Saturday, April 25, 2009

Two Easy Pieces

I can follow a complicated recipe okay, but I really love simple cooking.

It's so much easier when I can put all the ingredients in a pot or an oven, and let the cooking do all the work. Here's are a couple of easy dishes from two of my favorite websites that I recently put together.

First, I used Abbie's Roasted Veggies recipe from Foods That Fit. This is just as simple and wonderful a dinner as you can make. Cut up veggies and toss it with a sauce (teriyaki, spaghetti, or enchilada sauces work great) in a large mixing bowl.

I often use Kikkoman's regular teriyaki, but sometimes use the spicy miso for a little extra kick.

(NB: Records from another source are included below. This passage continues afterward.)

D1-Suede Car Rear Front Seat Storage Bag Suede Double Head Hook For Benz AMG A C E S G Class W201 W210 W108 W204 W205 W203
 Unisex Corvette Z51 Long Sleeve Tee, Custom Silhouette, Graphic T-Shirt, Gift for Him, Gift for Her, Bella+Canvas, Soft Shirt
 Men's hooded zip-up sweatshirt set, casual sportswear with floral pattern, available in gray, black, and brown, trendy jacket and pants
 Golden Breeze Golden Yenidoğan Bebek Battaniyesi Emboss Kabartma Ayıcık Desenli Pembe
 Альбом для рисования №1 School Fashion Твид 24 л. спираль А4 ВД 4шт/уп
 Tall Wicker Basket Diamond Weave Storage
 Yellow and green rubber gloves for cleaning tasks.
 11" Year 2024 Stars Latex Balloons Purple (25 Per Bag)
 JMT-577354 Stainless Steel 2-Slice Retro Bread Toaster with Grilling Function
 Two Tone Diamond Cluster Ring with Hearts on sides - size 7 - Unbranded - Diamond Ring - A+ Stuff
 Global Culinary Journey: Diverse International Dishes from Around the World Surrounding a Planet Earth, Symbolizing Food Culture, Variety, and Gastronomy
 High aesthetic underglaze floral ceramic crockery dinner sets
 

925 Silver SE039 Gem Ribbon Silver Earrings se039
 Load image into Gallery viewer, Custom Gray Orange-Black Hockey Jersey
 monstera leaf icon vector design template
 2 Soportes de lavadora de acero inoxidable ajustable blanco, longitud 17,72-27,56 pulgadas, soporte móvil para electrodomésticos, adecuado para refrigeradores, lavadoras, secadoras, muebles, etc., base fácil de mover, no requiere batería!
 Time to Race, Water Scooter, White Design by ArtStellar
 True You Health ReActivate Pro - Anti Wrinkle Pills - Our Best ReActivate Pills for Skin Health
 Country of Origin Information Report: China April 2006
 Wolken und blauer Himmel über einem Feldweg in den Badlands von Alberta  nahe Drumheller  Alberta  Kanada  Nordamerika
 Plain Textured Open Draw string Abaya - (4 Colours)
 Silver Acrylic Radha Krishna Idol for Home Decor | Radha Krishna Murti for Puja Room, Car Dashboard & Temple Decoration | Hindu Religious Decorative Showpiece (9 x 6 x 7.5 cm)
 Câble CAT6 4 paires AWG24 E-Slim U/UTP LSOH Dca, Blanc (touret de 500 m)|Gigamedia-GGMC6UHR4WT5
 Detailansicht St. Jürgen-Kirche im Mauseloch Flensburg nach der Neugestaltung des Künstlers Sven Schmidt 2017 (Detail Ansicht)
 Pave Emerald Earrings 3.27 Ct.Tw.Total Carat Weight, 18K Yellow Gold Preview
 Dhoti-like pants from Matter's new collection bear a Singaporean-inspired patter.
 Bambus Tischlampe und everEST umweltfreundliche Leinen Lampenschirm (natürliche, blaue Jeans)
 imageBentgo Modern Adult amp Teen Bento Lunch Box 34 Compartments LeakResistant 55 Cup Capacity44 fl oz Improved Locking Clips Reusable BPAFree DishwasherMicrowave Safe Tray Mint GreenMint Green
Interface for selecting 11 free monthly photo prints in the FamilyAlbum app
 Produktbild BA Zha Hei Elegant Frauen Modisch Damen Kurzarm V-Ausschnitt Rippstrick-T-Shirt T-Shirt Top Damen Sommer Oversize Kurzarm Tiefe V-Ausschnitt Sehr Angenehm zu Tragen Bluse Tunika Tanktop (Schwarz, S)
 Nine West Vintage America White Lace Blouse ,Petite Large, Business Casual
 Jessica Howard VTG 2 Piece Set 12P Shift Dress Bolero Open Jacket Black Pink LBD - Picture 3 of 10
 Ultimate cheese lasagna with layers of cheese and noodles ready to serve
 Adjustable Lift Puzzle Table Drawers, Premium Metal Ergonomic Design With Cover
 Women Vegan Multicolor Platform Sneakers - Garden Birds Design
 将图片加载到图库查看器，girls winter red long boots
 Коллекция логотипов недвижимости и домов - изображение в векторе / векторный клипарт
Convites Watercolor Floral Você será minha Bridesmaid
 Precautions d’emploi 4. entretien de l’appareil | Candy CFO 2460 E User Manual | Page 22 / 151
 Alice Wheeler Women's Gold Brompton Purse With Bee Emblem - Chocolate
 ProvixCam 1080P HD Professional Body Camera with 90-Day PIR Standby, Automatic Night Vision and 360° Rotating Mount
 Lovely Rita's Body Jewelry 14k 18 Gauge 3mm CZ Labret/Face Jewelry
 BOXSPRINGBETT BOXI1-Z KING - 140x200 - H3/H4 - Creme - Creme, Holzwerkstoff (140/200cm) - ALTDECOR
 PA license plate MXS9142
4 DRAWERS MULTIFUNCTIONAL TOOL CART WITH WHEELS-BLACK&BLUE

I just use my hands to toss the veggies with the sauce.

Then roast it in a pan lined with parchment paper for 40 minutes at 450F. Abbie usually adds cubed tofu or tempeh for the protein, but I had a different idea this time.

In the top photo, you'll notice some cut up vegan sausage. This isn't just any store-bought sausage, however. It's the famous "Spicy Italian Vegetarian Sausages (aka 'Julie's Sausage')" from another one of my favorite websites, Everyday Dish TV.

Julie's Sausage hit the internet and spread through the vegan world like wildfire about a year ago for its authentic flavor, texture, and ease of making.

You simply mix the ingredients in a bowl, scoop it out into aluminum foil to roll them up into links (or patties), then steam them for 30 minutes. Easy and just amazing. I like them after they've been refrigerated. It makes the texture a little firmer like authentic Italian sausage.

I love them with pasta dinners, but this time I added it to some roasted sweet potatoes, mushrooms, green peppers, and zucchini.

Two easy dishes combined for a bunch of healthy meals all week.